» **What to do**
Your response to the data below should hold nothing except the lines from the one containing "With East DB" down to the one containing "Young man riding", reproduced exactly and without pictures.

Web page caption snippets
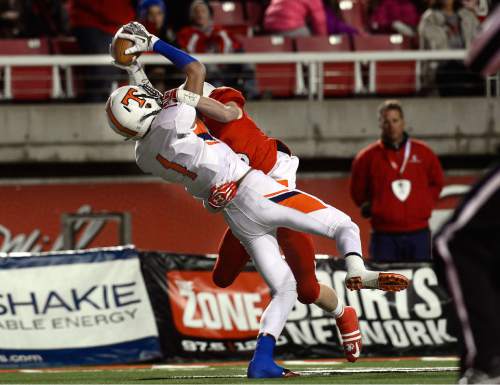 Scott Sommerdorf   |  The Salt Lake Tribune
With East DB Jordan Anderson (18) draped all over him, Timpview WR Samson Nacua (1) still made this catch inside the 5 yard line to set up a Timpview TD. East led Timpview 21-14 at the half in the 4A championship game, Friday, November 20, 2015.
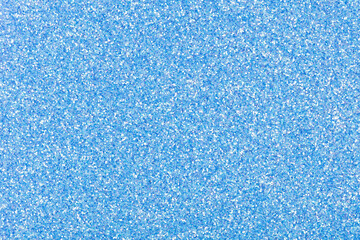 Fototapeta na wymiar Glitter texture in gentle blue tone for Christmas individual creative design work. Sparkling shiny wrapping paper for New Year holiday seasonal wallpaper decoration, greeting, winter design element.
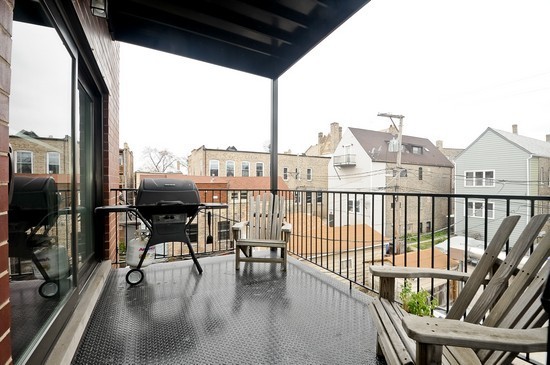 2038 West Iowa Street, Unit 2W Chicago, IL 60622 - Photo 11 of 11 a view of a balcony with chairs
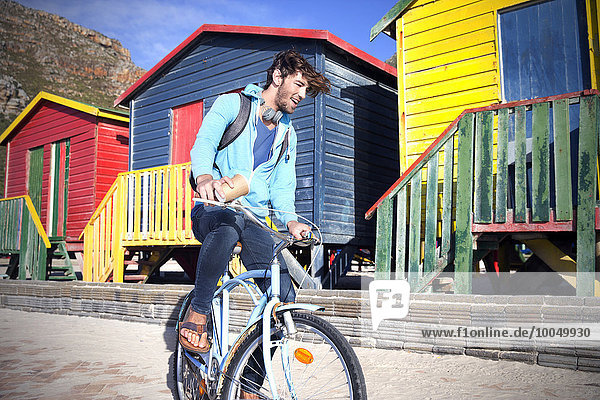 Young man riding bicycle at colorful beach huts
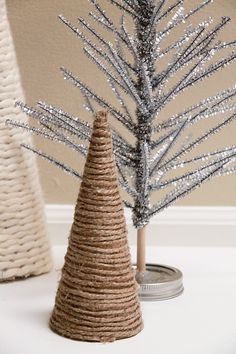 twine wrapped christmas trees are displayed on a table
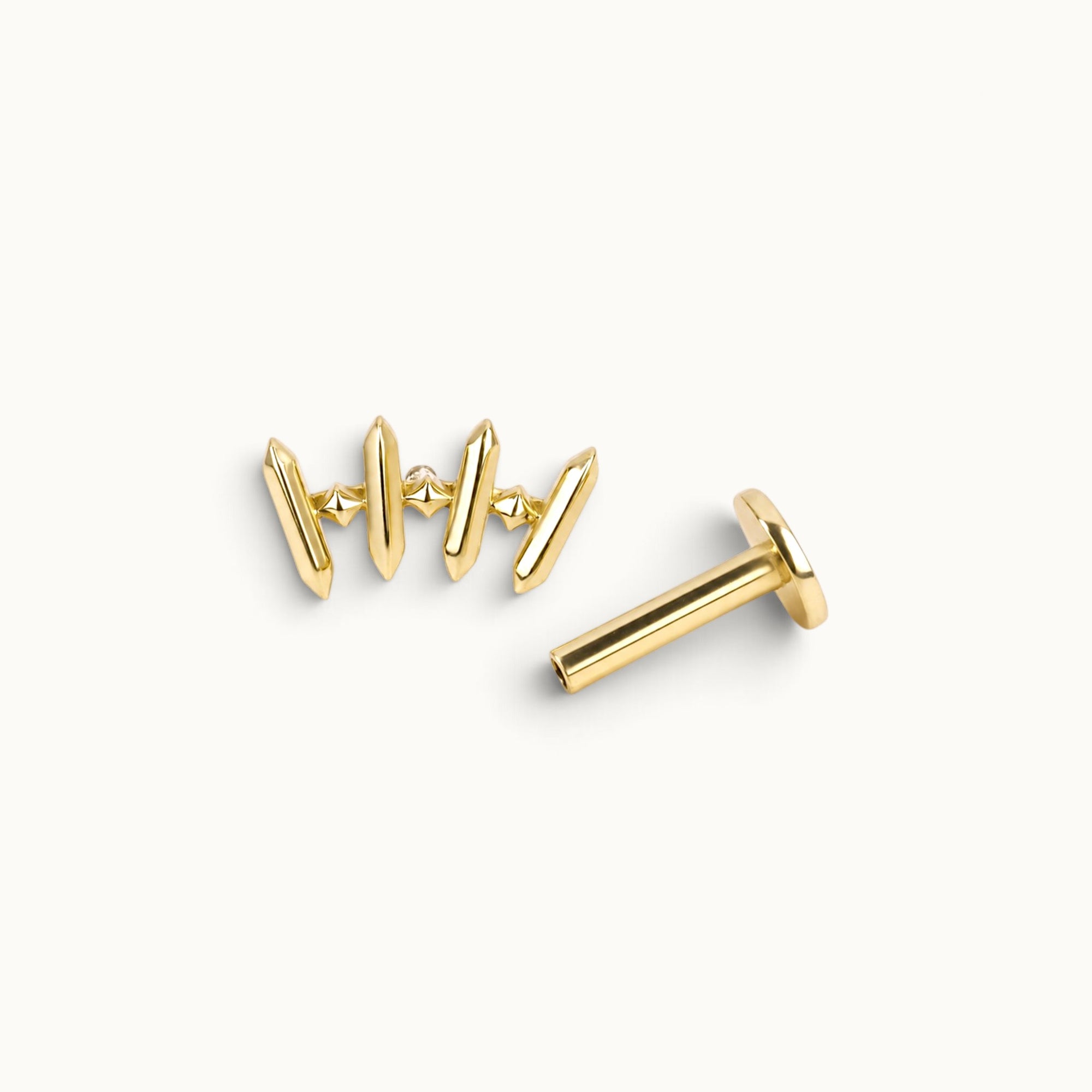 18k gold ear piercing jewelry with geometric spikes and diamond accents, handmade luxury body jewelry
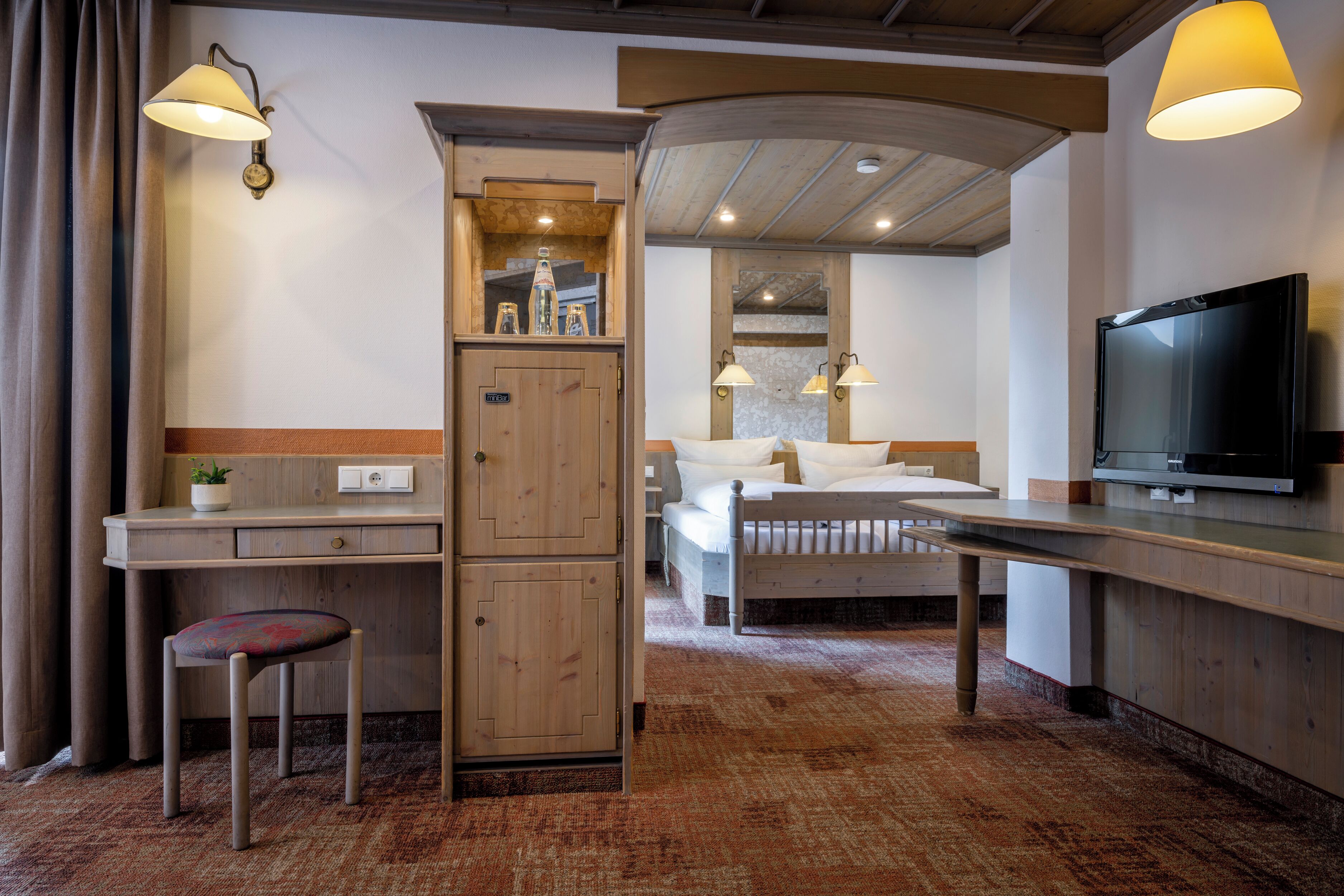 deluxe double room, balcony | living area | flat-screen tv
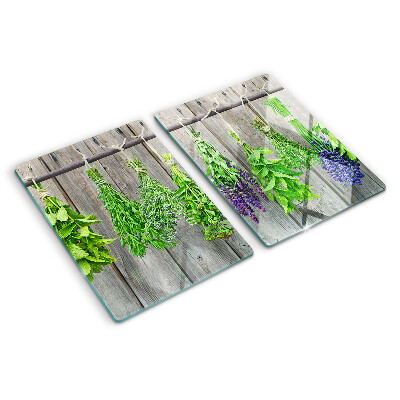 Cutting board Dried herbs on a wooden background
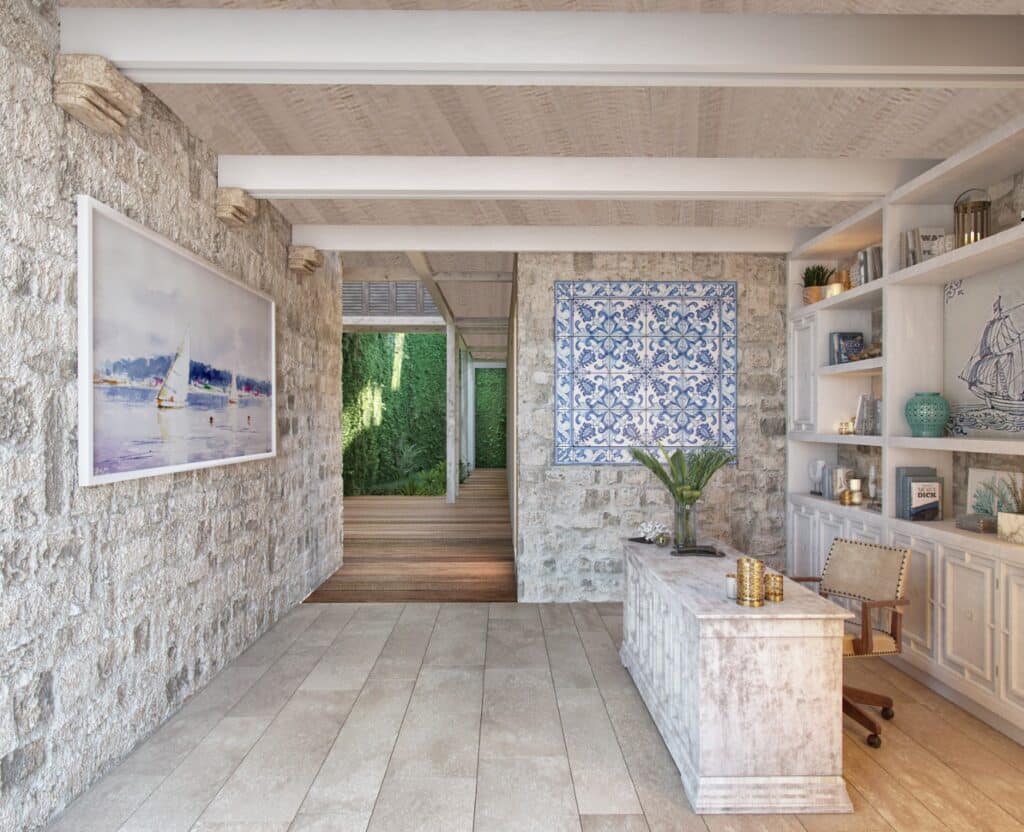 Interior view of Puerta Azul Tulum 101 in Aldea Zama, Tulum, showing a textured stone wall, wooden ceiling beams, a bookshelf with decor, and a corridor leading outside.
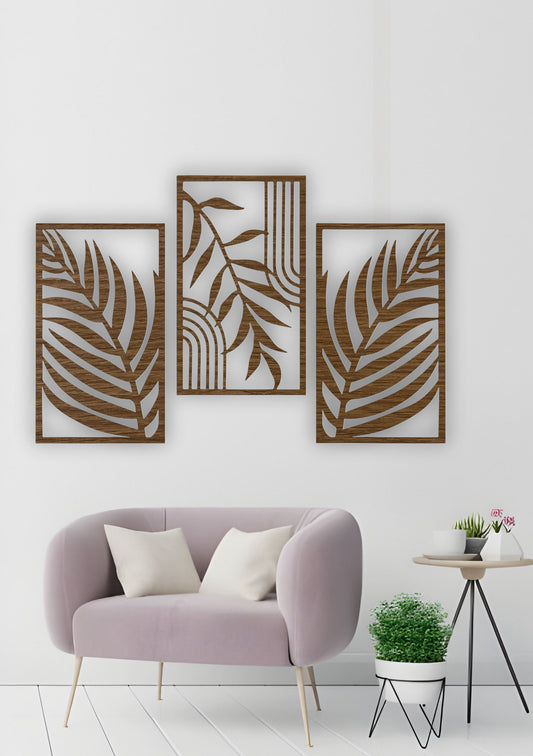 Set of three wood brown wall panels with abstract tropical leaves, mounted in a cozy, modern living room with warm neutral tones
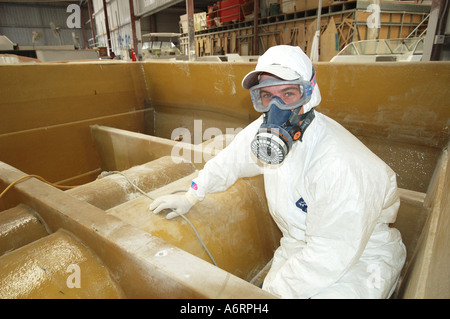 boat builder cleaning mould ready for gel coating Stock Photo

» **Written solution**
With East DB Jordan Anderson (18) draped all over him, Timpview WR Samson Nacua (1) still made this catch inside the 5 yard line to set up a Timpview TD. East led Timpview 21-14 at the half in the 4A championship game, Friday, November 20, 2015.
 Fototapeta na wymiar Glitter texture in gentle blue tone for Christmas individual creative design work. Sparkling shiny wrapping paper for New Year holiday seasonal wallpaper decoration, greeting, winter design element.
 2038 West Iowa Street, Unit 2W Chicago, IL 60622 - Photo 11 of 11 a view of a balcony with chairs
 Young man riding bicycle at colorful beach huts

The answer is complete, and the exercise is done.